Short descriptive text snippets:
━━━━━━
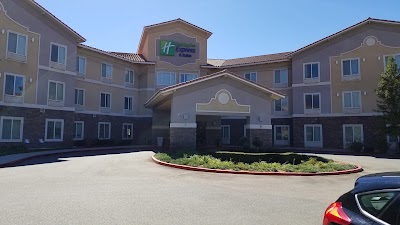 Photos of Holiday Inn Express & Suites Beaumont - Oak Valley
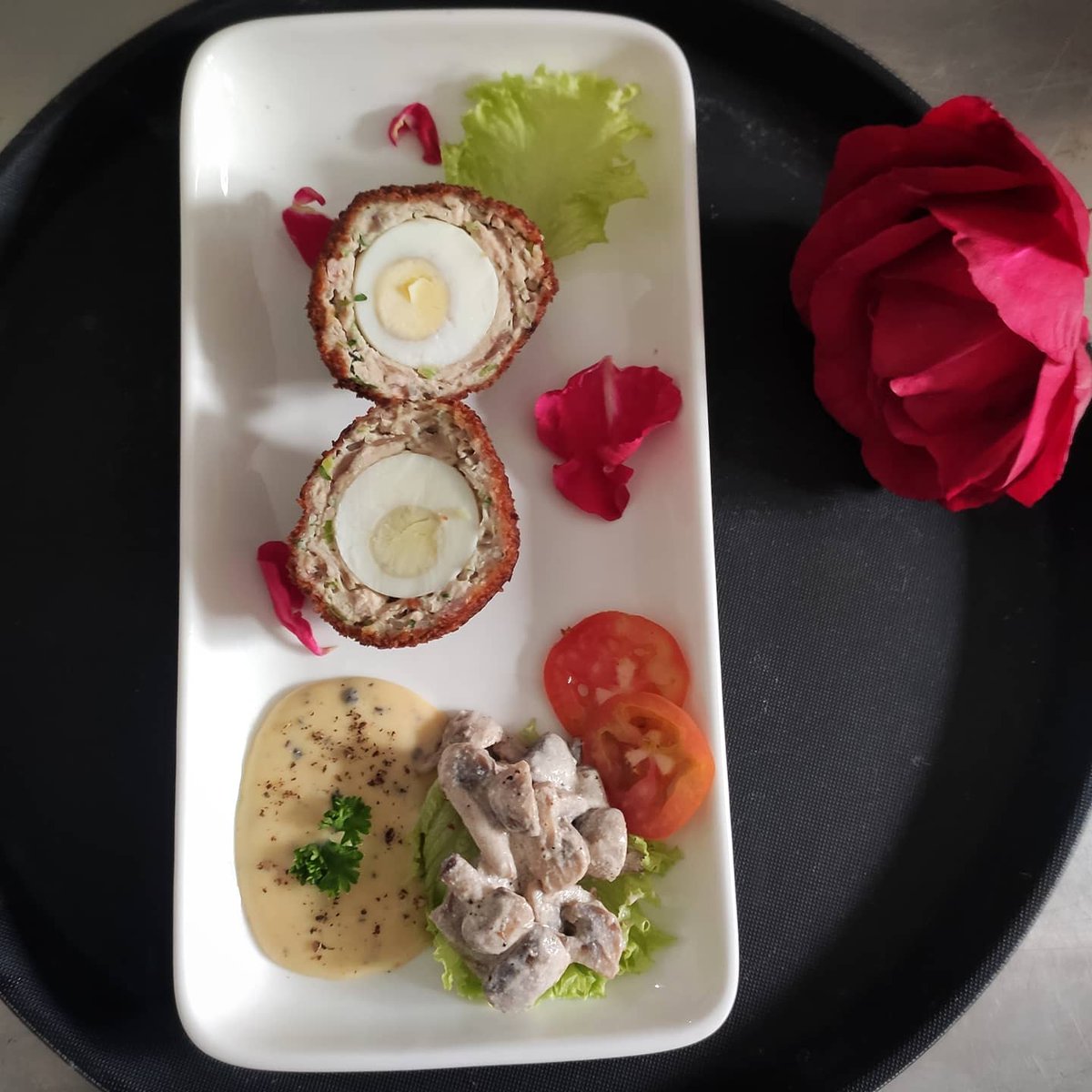 carvingmaster05's tweet photo. Looking for something to do this weekend?
Crisped Scotch Egg with Hollandaise sauce and Cream mushroom 🍄
Light up your taste buds.... 😉😜
#carvingmaster05 ✨
#scotch #scotchegg #eggs #eggrecipes #snack #savoury #herbs #colourful #vegetablescarving #carvingmaster #michelinstar https://t.co/uBBjw9hnpD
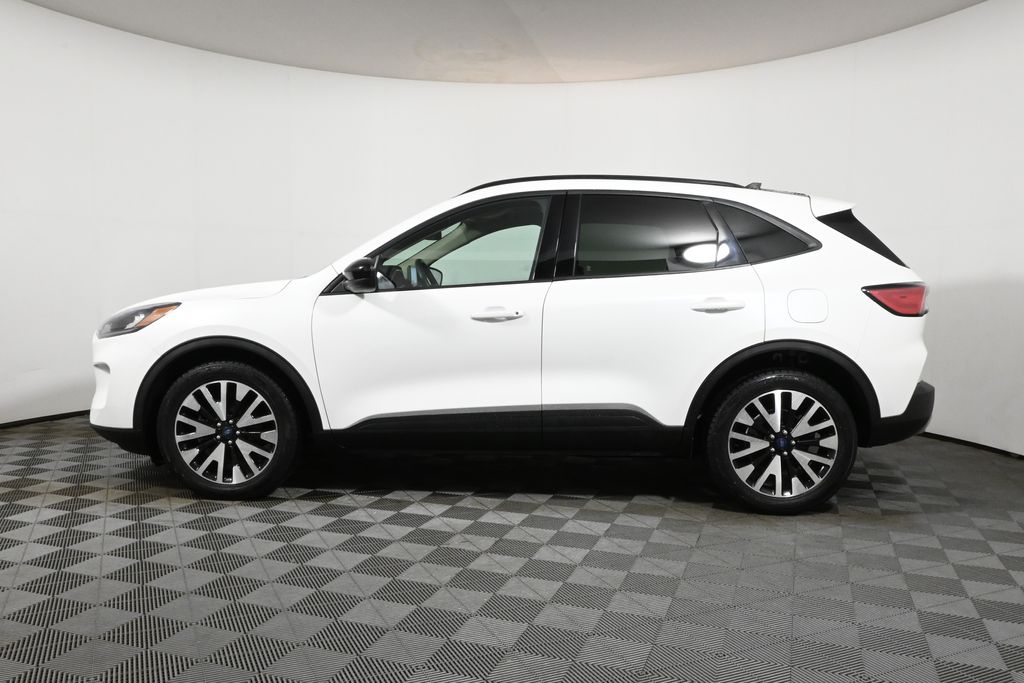 2020 Ford Escape SE Sport Hybrid 2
━━━━━━
## What you should do:
The entries above must be restated exactly in the answer, and the pictures left out.

## Finished task:
 Photos of Holiday Inn Express & Suites Beaumont - Oak Valley
 carvingmaster05's tweet photo. Looking for something to do this weekend?
Crisped Scotch Egg with Hollandaise sauce and Cream mushroom 🍄
Light up your taste buds.... 😉😜
#carvingmaster05 ✨
#scotch #scotchegg #eggs #eggrecipes #snack #savoury #herbs #colourful #vegetablescarving #carvingmaster #michelinstar https://t.co/uBBjw9hnpD
 2020 Ford Escape SE Sport Hybrid 2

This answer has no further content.